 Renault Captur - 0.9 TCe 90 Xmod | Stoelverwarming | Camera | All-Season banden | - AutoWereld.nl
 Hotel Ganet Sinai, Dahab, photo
...
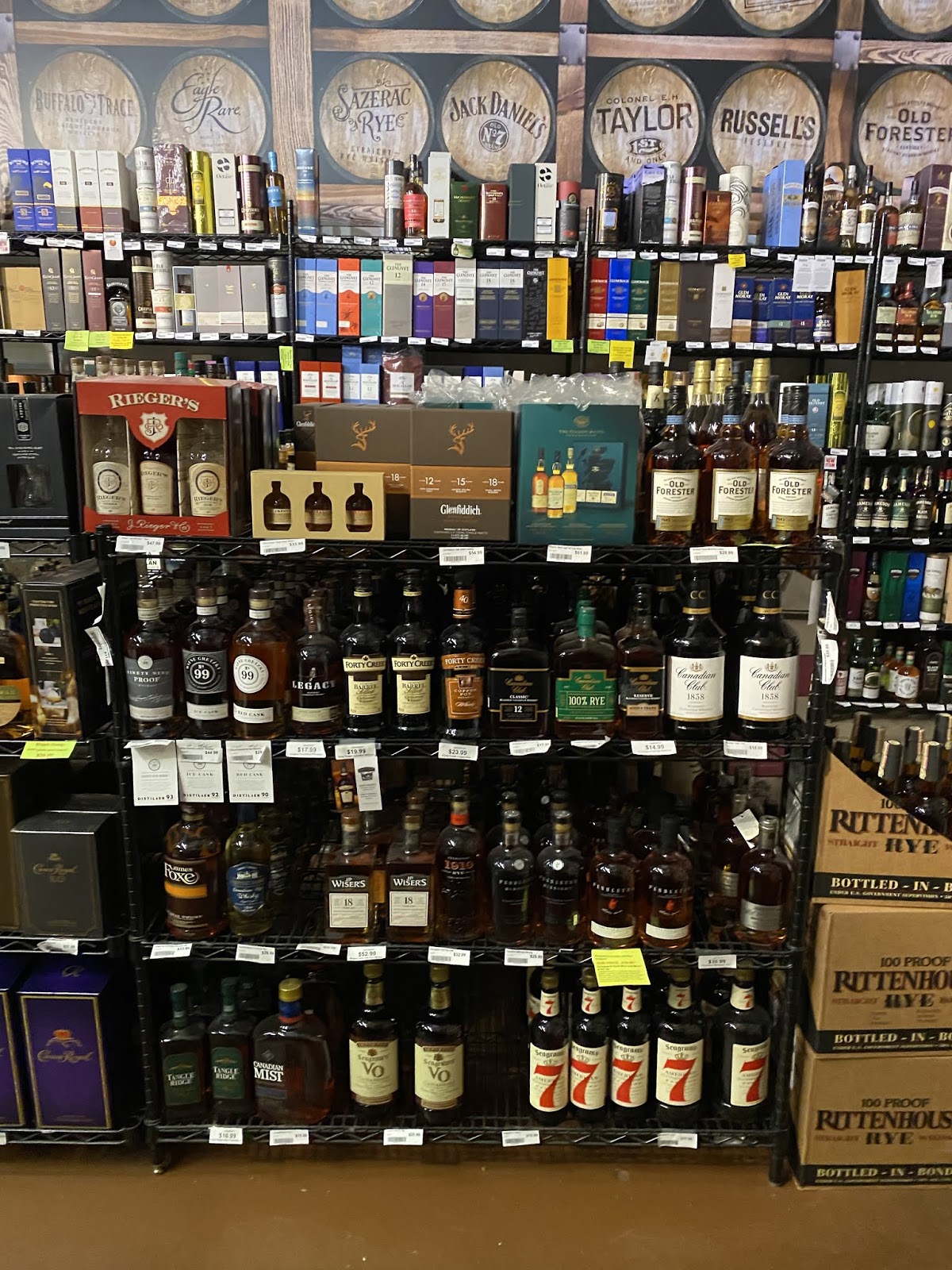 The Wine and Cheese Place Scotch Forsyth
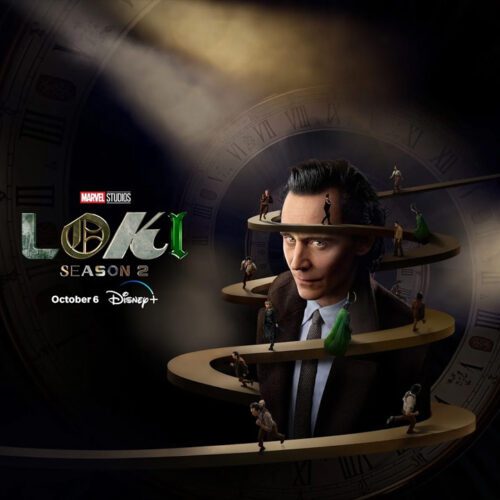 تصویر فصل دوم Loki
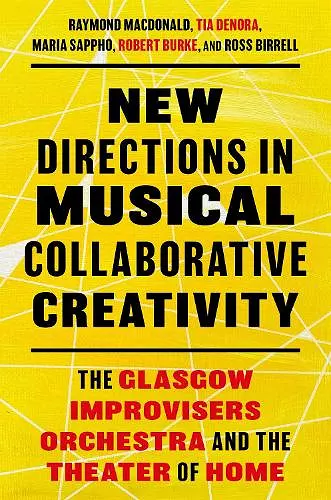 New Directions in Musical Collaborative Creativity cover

§ **Aim of the exercise**: In the listing above, find the line containing "تصویر فصل دوم Loki" and the line containing "New Directions in". Print those two lines and every line between them exactly, with no pictures.

§ **Response below**:
 تصویر فصل دوم Loki
 New Directions in Musical Collaborative Creativity cover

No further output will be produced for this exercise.